Xi Jinping ha lanzado la consigna –y política– de la “prosperidad común”, con antelación al XX congreso del Partido Comunista de 2022, donde buscará su reelección (¿vitalicia?), rompiendo las reglas hasta ahora seguidas sobre límites temporales en la cúspide. Detrás está la idea de un aumento de impuestos, más donaciones por parte de los ciudadanos de ingresos elevados, un mayor gasto en programas sociales y educación, una aplicación más estricta de las medidas contra los grandes monopolios privados, y un acceso más igualitario a las nuevas tecnologías. Aunque no significa una expansión notable del Estado del bienestar de China o nacionalizaciones de empresas, sí implica una nueva etapa en el sistema económico, se llame “capitalismo de Estado” o “socialismo con características chinas”.
Esta campaña tiene varias consecuencias prácticas: para empezar, una menor tolerancia hacia los muy ricos, que ya se ha notado con Jack Ma, en su Alibaba. El hecho de que las grandes empresas pierdan valor de mercado en el recorrido parece importar poco al presidente chino. Tiene un enfoque más social de la vivienda, frenando la especulación que está detrás de la crisis del gigante de la inmobiliaria Evergrande, aunque esta es una situación cuyo resultado está aún por dilucidarse para que no ocurra como en EEUU. Y, sobre todo, busca ampliar y reforzar la clase media (actualmente unos 400 millones, con el objetivo de ampliarse a 800 millones para 2035), algo no tan diferente al planteamiento básico de Biden.
Como apunta un buen conocedor de China como Kevin Rudd, que Xi Jinping impulse un enfoque cada vez más redistributivo de la política económica significa que ni los multimillonarios ni la especulación del mercado de la vivienda son tolerados como solían. En su linaje ideológico, Xi Jinping considera todas las formas de inversiones especulativas, en particular la inmobiliaria, como parte de la “economía ficticia” que desplaza la inversión en la “economía real” de la manufactura, la tecnología y la infraestructura, sectores que sellarán el dominio económico mundial de China, en su visión.

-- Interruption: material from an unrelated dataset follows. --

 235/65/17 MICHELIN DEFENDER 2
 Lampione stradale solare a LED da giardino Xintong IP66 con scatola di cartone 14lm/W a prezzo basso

Estas consideraciones básicas sociales alimentan también la geopolítica y el conflicto por la primacía tecnológica en este siglo entre China y EEUU.
Para el economista Branko Milanović hay tres tipos de desigualdad en EEUU y China: La concentración de la propiedad de activos privados (el capital, factor agravado con la automatización, digitalización y robotización de muchas tareas); la creación de una élite rica en ingresos de capital y trabajo; y la transmisión intergeneracional de la ventaja, a través de la herencia y la educación.
A este último respecto, el régimen chino con Xi Jinping está frenando los centros de enseñanza privados y las clases particulares a varios niveles. Sin duda, hay también un elemento de control y de adoctrinamiento detrás. El ambicioso programa social de Biden –ya reducido a dos billones y sin impuestos a los súper-ricos ante la presión de la derecha de su partido– incluye una notable ampliación de la educación gratuita, una flexibilización del endeudamiento de los estudiantes universitarios y una subida del salario mínimo para algunos empleados. A la vez, en ambos países hay una gran diferencia de ingresos entre los grandes centros urbanos y los entornos rurales.
Trump, a diferencia de los Demócratas, obsesionados con su estrategia hacia las minorías, supo ver en estas desigualdades, sobre todo para la clase trabajadora y clase media blanca, un trampolín para su triunfo electoral en 2016. Biden ha visto que luchar contra ellas es necesario para que el Partido Demócrata retenga el poder federal en las elecciones de medio término, en 2022, y en las presidenciales y legislativas en 2024. Esta lucha contra la desigualdad, que también está recuperando fuerza en Europa, es parte del cambio de paradigma económico y social que está poniendo en cuestión los equilibrios de los últimos 40 años. En el caso de EEUU y China, agudizará más aún su rivalidad.